Dernier bond en avant, la qualité des appels. En environnement calme, comme à proximité d’un carrefour fréquenté, l’algorithme de réduction des bruits fait des merveilles en parvenant à occulter tous les sons parasites. En contrepartie, lors de bruits soudains, des phénomènes de sibilances peuvent apparaître sur les syllabes sifflantes.
Autonomie, entre le bon et l’excellent
Dans le secteur des casques premium, une moyenne haute en autonomie se situe généralement aux alentours de 30-35 heures. Un chiffre que Sony et Bowers & Wilkins atteignent, tandis que Bose et Apple flirtent plutôt avec les 20-25 heures. Tout en haut de cette pyramide, il existe deux produits d’exception. Le Monitor III ANC de Marshall et ses plus de 80 heures et le Sennheiser Momentum 4 Wireless avec ses 60 heures.
Avec son Tour One M3, JBL vient s'intercaler entre l’excellent et la moyenne haute. En effet, le dernier rejeton de la firme américaine est capable de tenir environ 45 heures avec la réduction de bruit active. Un casque qui n’aurait donc besoin de se charger que deux à trois fois dans le mois selon votre degré d’utilisation.
Conclusion
Points forts
- Un boîtier Smart Tx innovant et vraiment utile
- Un casque vraiment confortable
- Une signature sonore "live" asummée et réussie
- Une excellente autonomie
- Une réduction de bruit proche des meilleurs
- Une connectivité complète
Points faibles
- Un mode "son Spatial" décevant
- Quelques légères impressions sur les basses
- Un design pas aussi premium que ses concurents
- Une application complète, mais qui manque de lisibilité
Note de la rédaction
JBL fait un retour fracassant dans le domaine des casques premium avec son Tour One M3. Bien que toujours aussi atypique, la restitution sonore gagne en profondeur et en équilibre grâce à une excellente maîtrise des médiums et des aigus. En plus de cela, JBL remplit toutes ses autres promesses. Le confort est excellent, la réduction de bruit proche des meilleurs et la qualité d’appel fait un bond en avant. Il se paye même le luxe d’être sur le podium des casques premium les plus endurants.

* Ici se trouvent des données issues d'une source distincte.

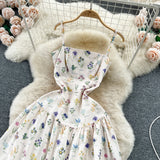 DAIIIBABYYY  -  Vintage Elegant loose Square Collar sweet slip Dress A-line Casual Women Fashion Summer Spring Dresses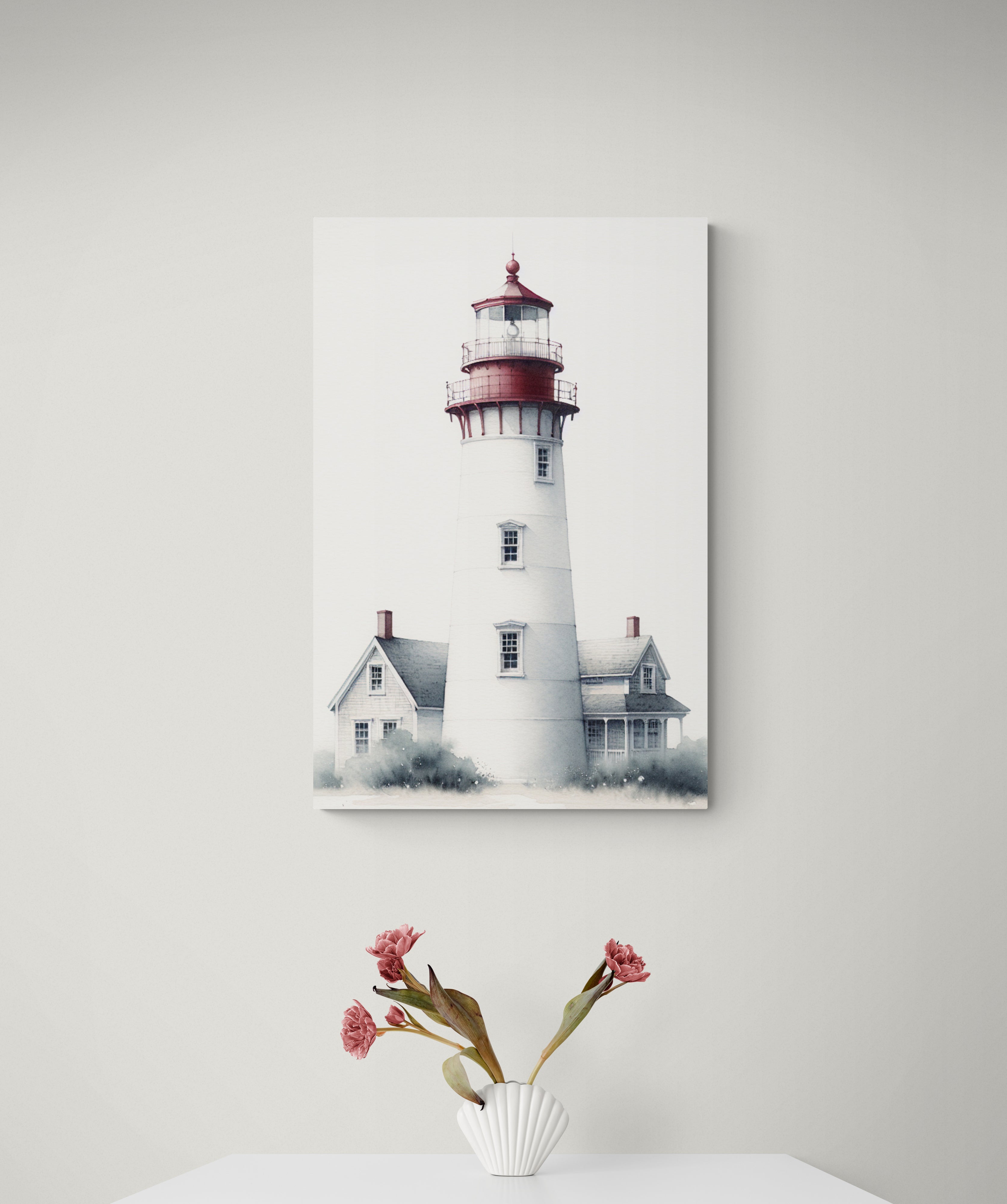 Red-Topped Lighthouse Canvas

En plus de pousser tous les potards de l’excellence, le Tour One M3 se paye même le luxe d’être unique grâce au Smart Tx. En plus d’être une dongle Bluetooth et une télécommande pour le casque, ce boîtier peut se targuer d’être le premier émetteur universel de la technologie Auracast. Nous ne pouvons que vous conseiller de ne pas faire l’impasse sur le Smart Tx, tant il démultiplie les interactions entre un casque et d' autres appareils audio. Presque parfait, le Tour One M3 ne trébuche que sur deux choses. Une application un peu confuse et une qualité de fabrication qui manque d’un peu de noblesse. Et ce, au de son prix, mais également au vu de ce que propose la concurrence.